Picture: ISTOCK
Picture: ISTOCK

 SA still has a long way to go to fulfil the promises of democracy. More than 20 years after the first democratic elections, the country is still plagued by racial, social and political tensions.

Masechaba, a bright young medical intern, is struggling to fit into this SA, struggling to cope with the loss of her brother, who was her only friend, struggling with her religion, with rape, and struggling to deal with her demons, which have kept her from leading a normal life since she reached puberty.

Period Pain is the third novel from young writer Dr Kopano Matlwa, whose debut novel, Coconut, won the EU Literary Award in 2007.

Her portrayal of her deeply troubled main character, Masechaba, is so powerful that one can’t help but love and feel pity for her at the same time.

We first meet Masechaba as a teenager who has just got her first period, who soon discovers that this normal female hormonal occurrence will result in countless hospital visits, causing her not to have normal teenage experiences.

After graduating from medical school, Masechaba is faced with the realities and stress of working in a public hospital. She starts questioning whether she made the right career choice and questions the existence of God in her life.
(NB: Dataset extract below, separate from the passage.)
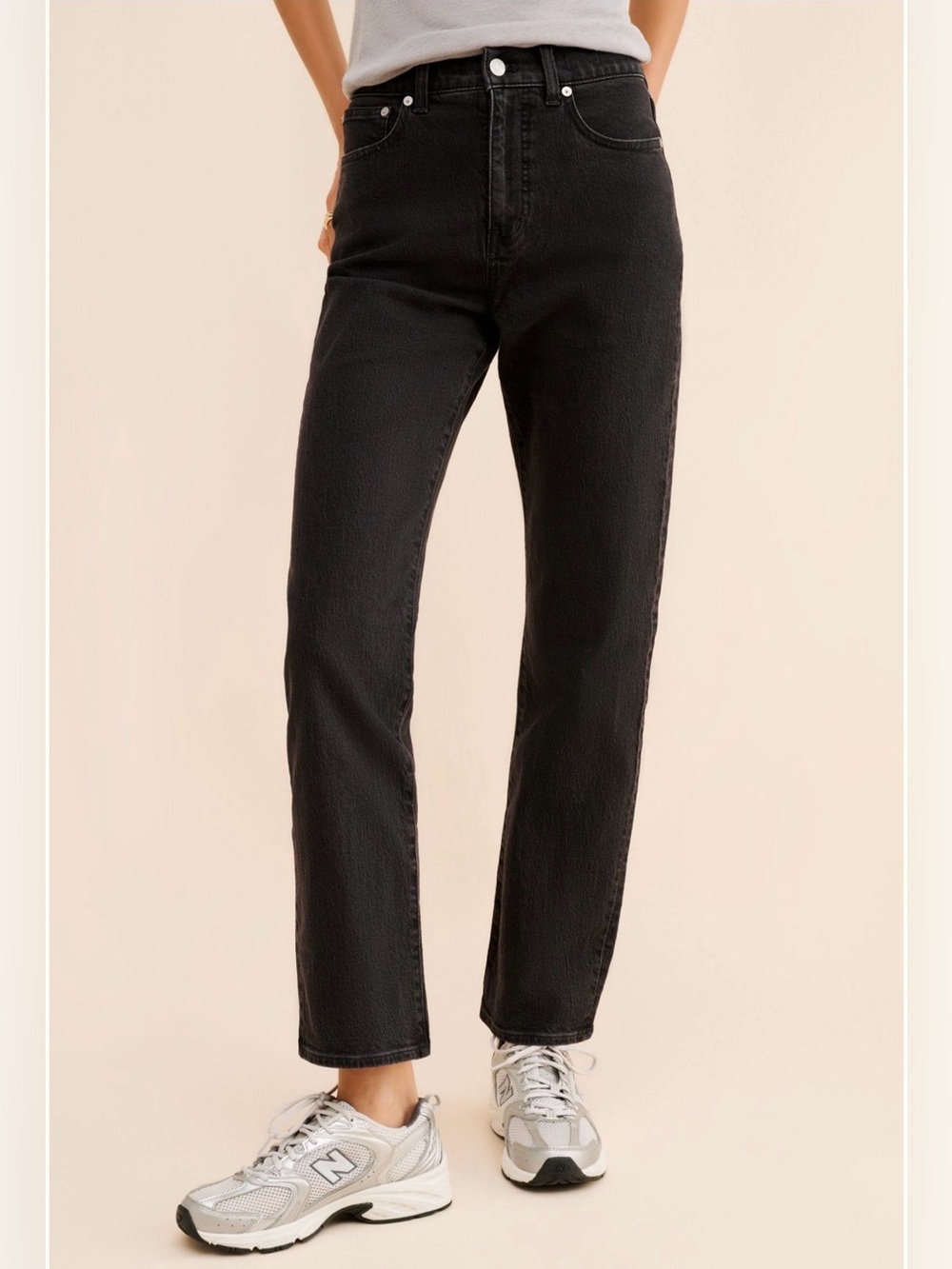 Madewell Black 90s Straight-Leg High-Rise Jeans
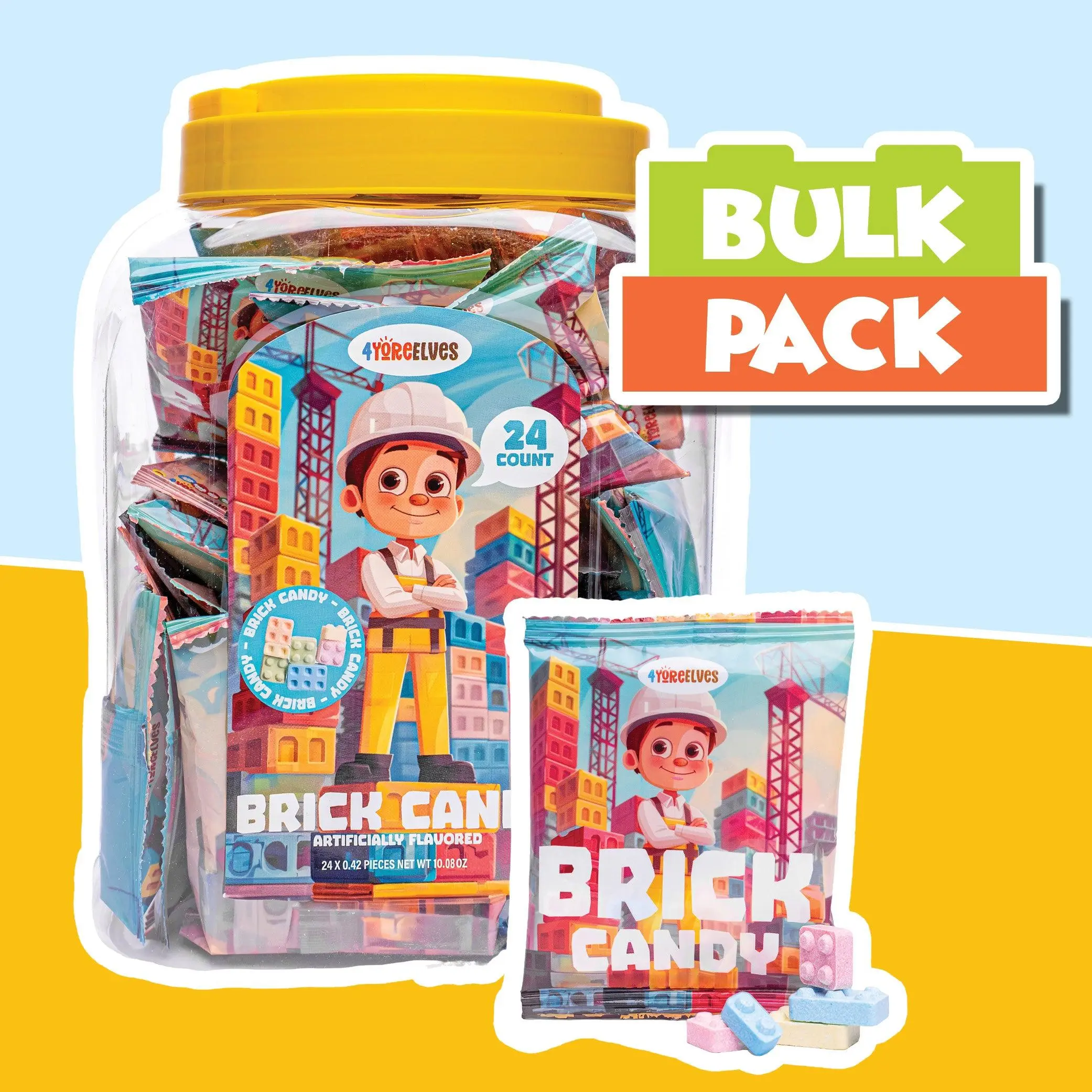 Candy Bricks 24 Pack, Buildable Tutti Frutti Blocks, Party Favor Bags for Builders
Matlwa’s captivating and inviting style of writing takes the reader through all the trials and tribulations that Masechaba faces. She tells the story of loss, sadness and mourning. How she feels as though her whole world crumbles beneath her when her brother dies. How she deals with people and her mother, who chastises her for having a Zimbabwean friend when SA is going through a spate of xenophobic attacks.

And then, after she experiences the most tragic incident anyone could ever go through, she battles anger, deep depression and suicidal thoughts. But she somehow finds solace.

This novel is a compelling and interesting read that will take readers on a roller coaster of emotions on each page. It exposes the societal ills faced by this country and how different people deal with these.

And even though most of the book deals with tragedies and it appears that there will be no breakthrough, every page is enticing and not so emotionally draining that I could not continue reading. And it is beautifully written.

When it comes to telling real South African stories, Matlwa is a force to be reckoned with. I look forward to reading more of her books and watching how she develops as a writer.